How To

The Heel Deal: How to Choose the Right Character Shoe

Higher heels can be ideal for elongating your line and showing off your legs. (Courtesy Shai Yammanee)

From Chicago to Kinky Boots, heels are a necessity for musical theater dancers. But lots of factors go into choosing the right character shoes, especially when it comes to heel height. Ultimately, it's all about figuring out how to feel confident, so you can rock every step—from high kicks to leaps.


Know Your Show

The most common character shoe heel height is 2 1/2 inches, according to Kenya Gibson, a sales representative at Capezio in NYC. It's an ideal height for many dancers because it strikes a balance between elongating your line and still allowing you to relevé. When wearing a 3-inch heel, your foot is already in a high relevé position, and unless you're a strong dancer, it can be hard to relevé further.

But you should also consider the show's choreography. “If I'm doing leaps and turns I'm going to be wearing 2 1/2-inch heels, but if the choreography is just walking and a kick line, I'll wear 3 inches," says Meredith Therrien, a dancer who's worked on Oceania Cruises. Think about time period, too. “The women in Fiddler on the Roof don't need to be in 3-inch LaDucas—it wouldn't make sense for the period," says Jessi Selig, a dresser for the show on Broadway. If you're auditioning for a similar show, choose boots that have a shorter, wider heel, which is a more authentic costuming choice.

Technique Is Key

If you're working on a show where a more standard character shoe is appropriate, you may feel like going for that high 3-inch heel—the extra height can help your legs look miles long. But another half-inch isn't always a good thing. “The trend now is for higher and higher heels, but the higher the heel, the higher the chance of rolling an ankle," says Broadway veteran Michelle Bruckner. If you're going to wear those 3-inch heels, make sure you have the technique and strength necessary to stay safe.
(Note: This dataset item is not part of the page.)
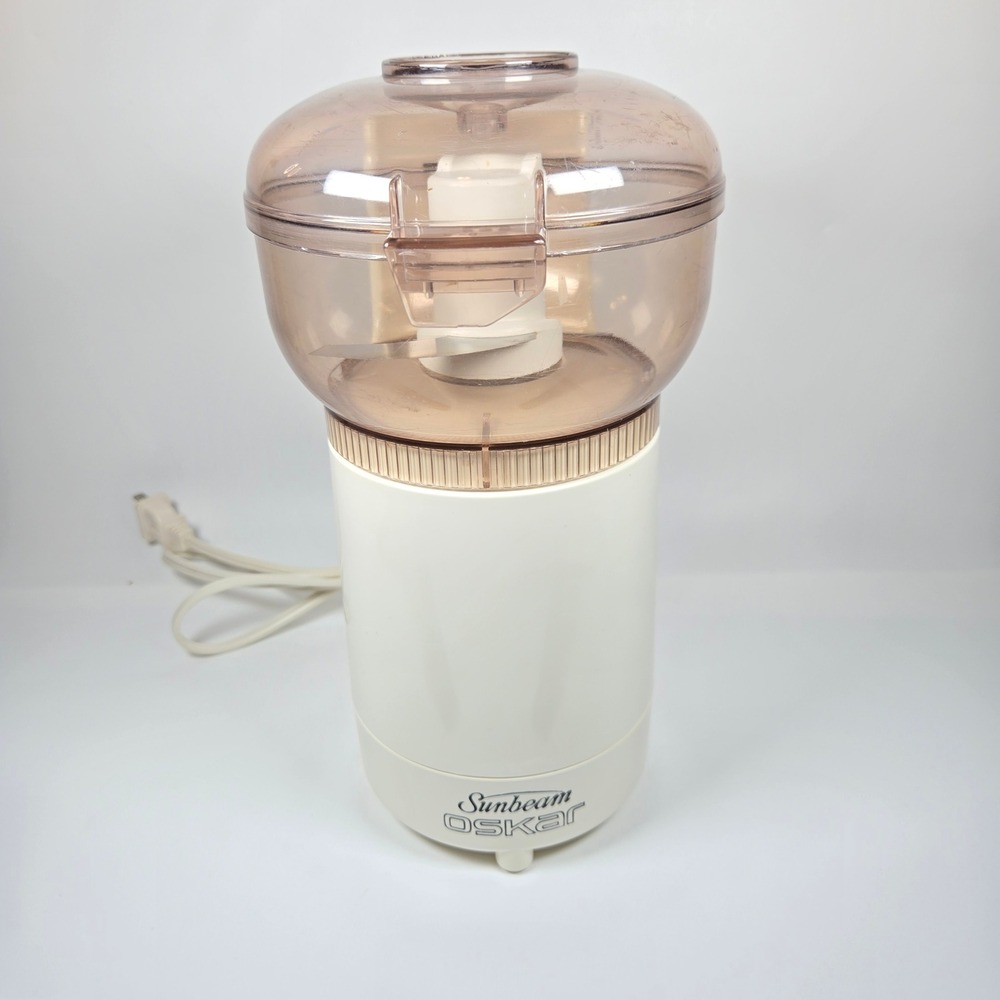 Sunbeam Oskar Food Processor Chopper 14081 White Made in France Vintage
Bruckner also tells young dancers to make sure they have several years of good ballet and jazz training before they try sky-high heels. As for getting more comfortable, Therrien has simple advice: “Keep wearing them." To break in new character shoes, she tries them out in basic dance classes and rehearses blocking in them before busting out the triple turns.

Factor In Your Height

If you're a tall dancer, you may think you need to wear shorter heels to fit into the chorus, and if you're short you may think you need a height boost from your heels. But that's not necessarily the case. Sonya Higgins, a former showgirl in Jubilee! in Las Vegas, NV, is already tall at 5' 8", but she wears 3-inch heels anyway. “It's more about line," she says. “As a tall dancer, the kinds of shows I'm going out for are things like The Producers, or Spamalot, where it's all about the legs," making higher heels a better bet. And, if you're shorter, don't feel like you have to dance in the tallest shoe possible; go with the shoe that lets you showcase your strengths. Shorter dancers tend to be powerful turners or jumpers, and lower heels will allow you to show off those skills.

Find Your Style

Most dancers choose character heels with flexible arches. Therrien loves that soft-soled character shoes allow her to point her feet easily and land jumps properly. One reason to stick with hard-soled shoes? “Support," Higgins says—which you'll definitely need if you're dancing with a heavy costume. “If you're wearing a 20-pound headpiece, you want as much support as possible from your shoes."

The Bottom Line

One word: comfort. In the end, “you want a shoe that you're not going to have to think about while dancing," Selig says. “You want to be able to focus on the choreography." Comfort fosters confidence, and that's especially important during auditions. Properly fitted, comfortable shoes will get you further than an extra half-inch ever will.